[Web page caption snippets]
━━━━━━
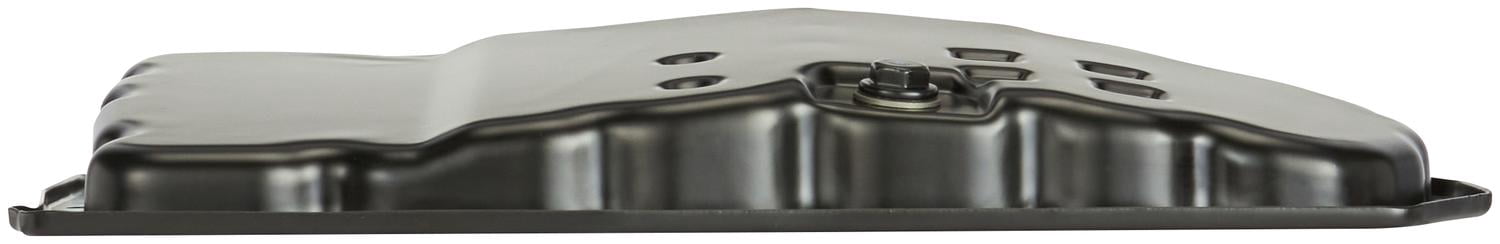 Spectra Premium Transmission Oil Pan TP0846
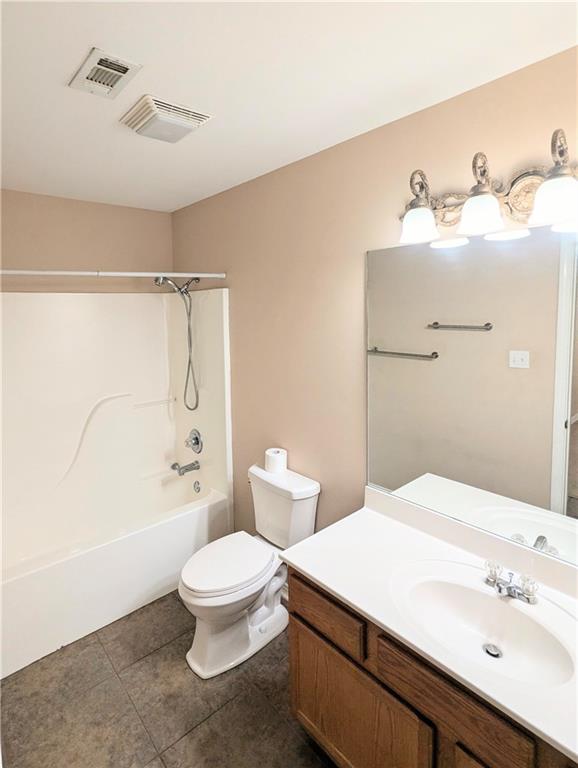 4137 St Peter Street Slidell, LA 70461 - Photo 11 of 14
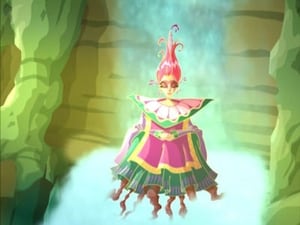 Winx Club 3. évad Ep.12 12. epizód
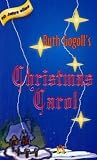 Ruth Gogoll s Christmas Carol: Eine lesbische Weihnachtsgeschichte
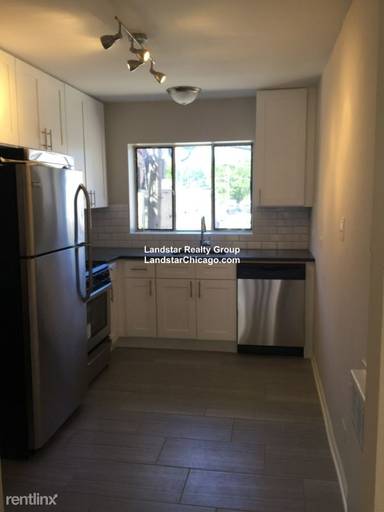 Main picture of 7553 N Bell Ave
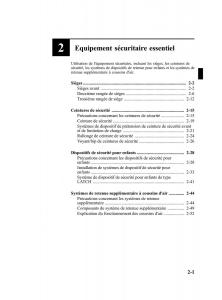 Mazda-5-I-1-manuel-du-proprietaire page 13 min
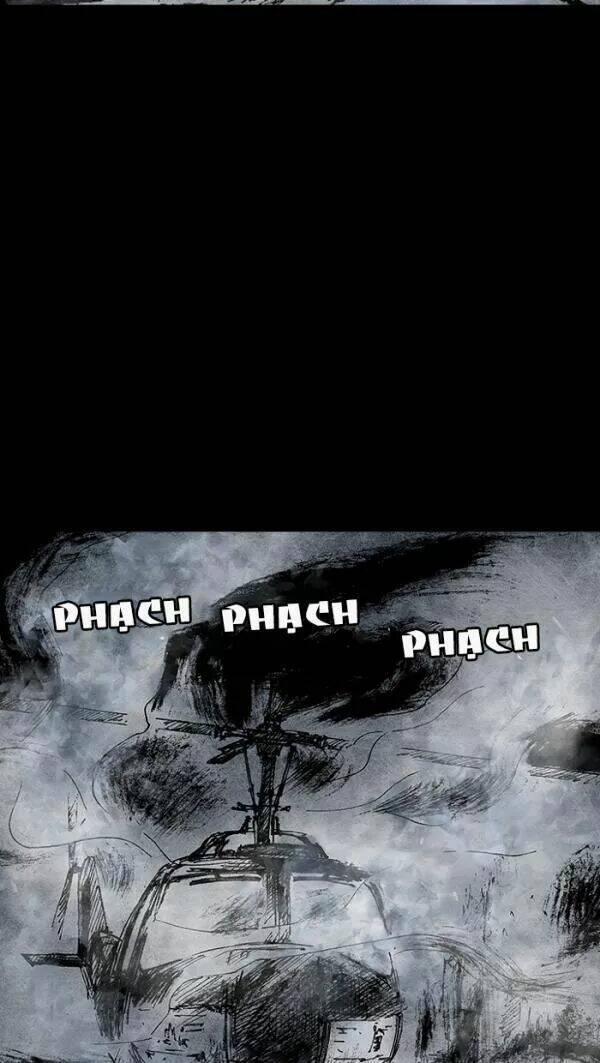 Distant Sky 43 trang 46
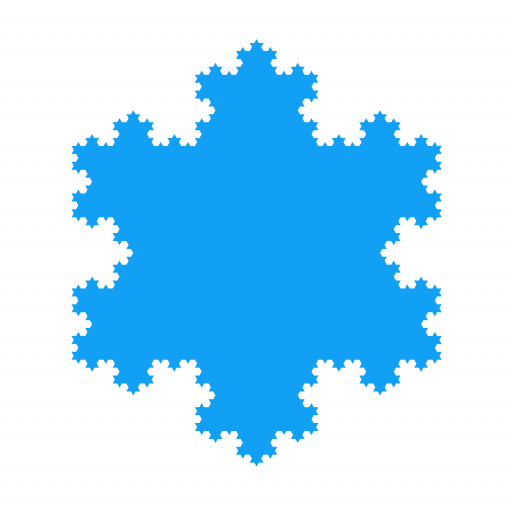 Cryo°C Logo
━━━━━━
### WORK TO COMPLETE:
Leave out every picture and copy verbatim the lines running from the line containing "Ruth Gogoll s" through the final line of the data.

### SOLVED PROBLEM:
 Ruth Gogoll s Christmas Carol: Eine lesbische Weihnachtsgeschichte
 Main picture of 7553 N Bell Ave
 Mazda-5-I-1-manuel-du-proprietaire page 13 min
 Distant Sky 43 trang 46
 Cryo°C Logo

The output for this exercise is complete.